» **Task objective**: Starting at the line where "P15RS fusion protein Ag20409 SDS-PAGE" occurs, reproduce each line through the end of the entries below exactly. Omit every picture.

◇ ◇ ◇ ◇ ◇ ◇ ◇

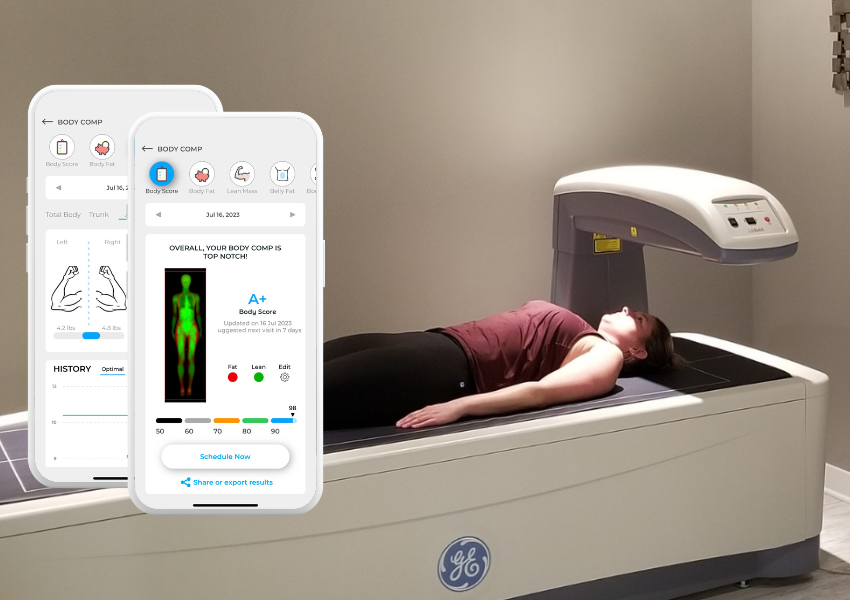 How Can DexaFit DEXA Scan Detect Early Signs of Osteoporosis?
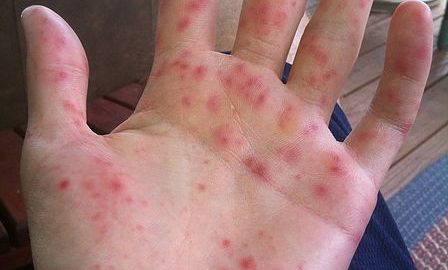 Hand Foot mouth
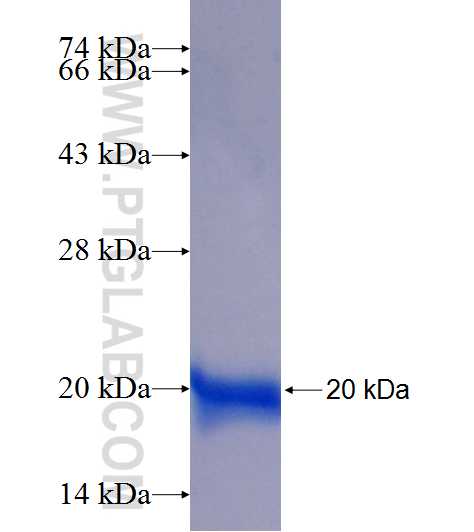 P15RS fusion protein Ag20409 SDS-PAGE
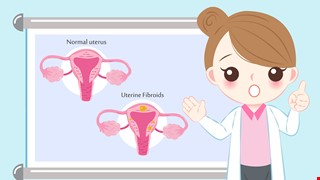 Information about Uterine Myoma 子宮肌瘤知多少？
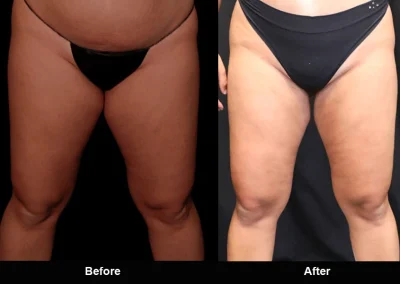 BodyTite Medial Thigh Contouring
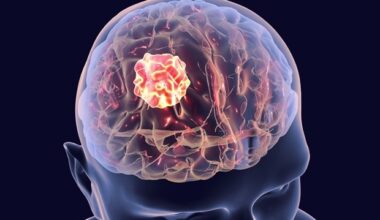 ‘Rogue’ DNA rings identified as drivers of aggressive brain cancer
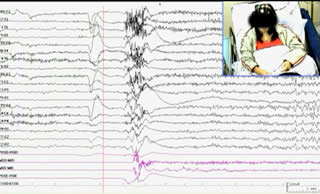 Corpus callosotomy in a patient with startle epilepsy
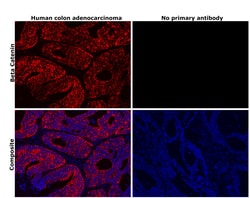 Invitrogen beta Catenin Recombinant Rabbit Monoclonal Antibody (HL1753)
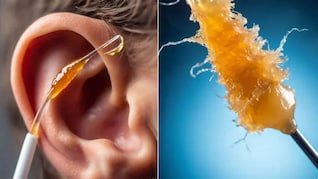 कान को 1 साल तक साफ न किया जाय तो क्या होगा? कब करनी चाहिए कान की गंदगी साफ? जानिए आसान तरीका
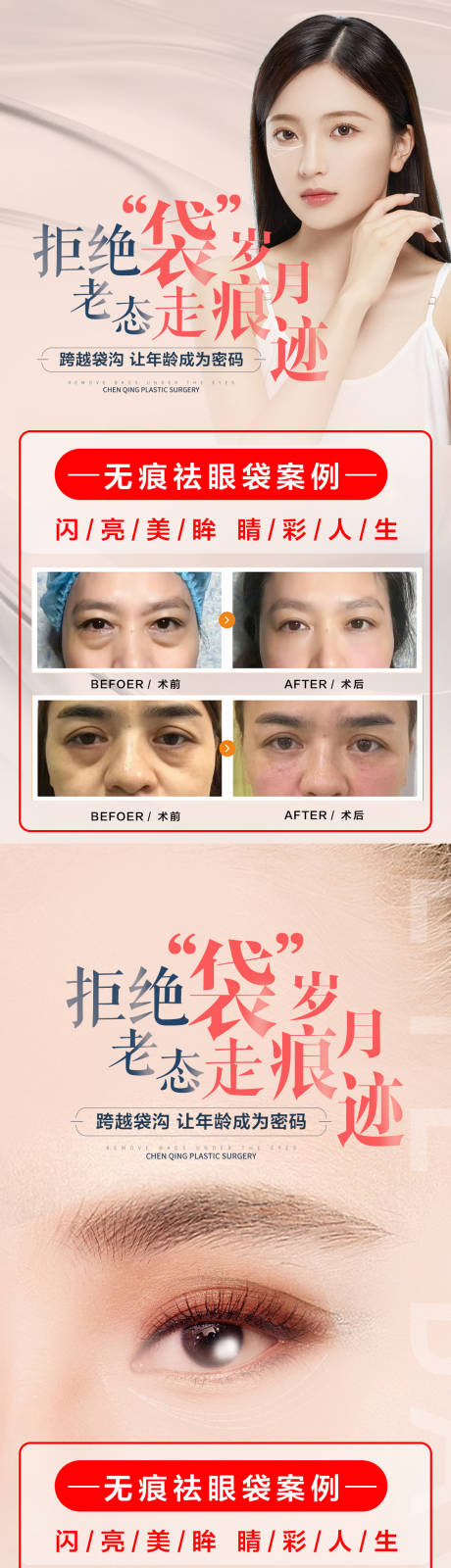 源文件下載【享設計】搜索編號：10540017698549514【祛眼袋案例海報】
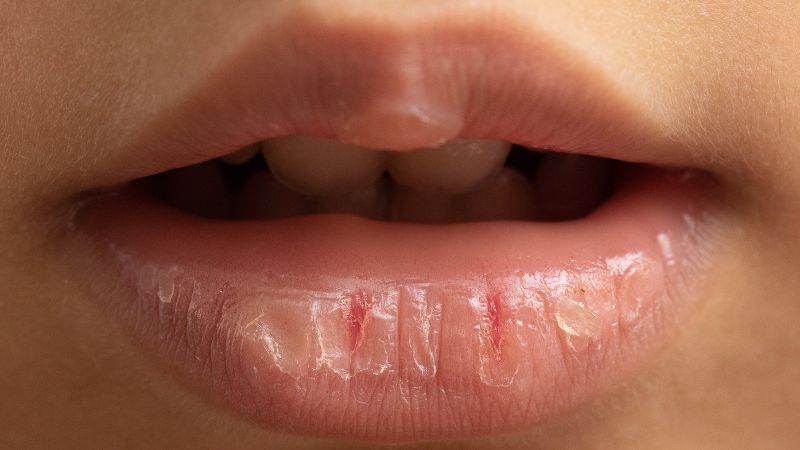 Khô miệng xảy ra khi khoang miệng đang bị thiếu nước bọt Khô miệng xảy ra khi khoang miệng đang bị thiếu nước bọt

◇ ◇ ◇ ◇ ◇ ◇ ◇

» **Solved problem**:
 P15RS fusion protein Ag20409 SDS-PAGE
 Information about Uterine Myoma 子宮肌瘤知多少？
 BodyTite Medial Thigh Contouring
 ‘Rogue’ DNA rings identified as drivers of aggressive brain cancer
 Corpus callosotomy in a patient with startle epilepsy
 Invitrogen beta Catenin Recombinant Rabbit Monoclonal Antibody (HL1753)
 कान को 1 साल तक साफ न किया जाय तो क्या होगा? कब करनी चाहिए कान की गंदगी साफ? जानिए आसान तरीका
 源文件下載【享設計】搜索編號：10540017698549514【祛眼袋案例海報】
 Khô miệng xảy ra khi khoang miệng đang bị thiếu nước bọt Khô miệng xảy ra khi khoang miệng đang bị thiếu nước bọt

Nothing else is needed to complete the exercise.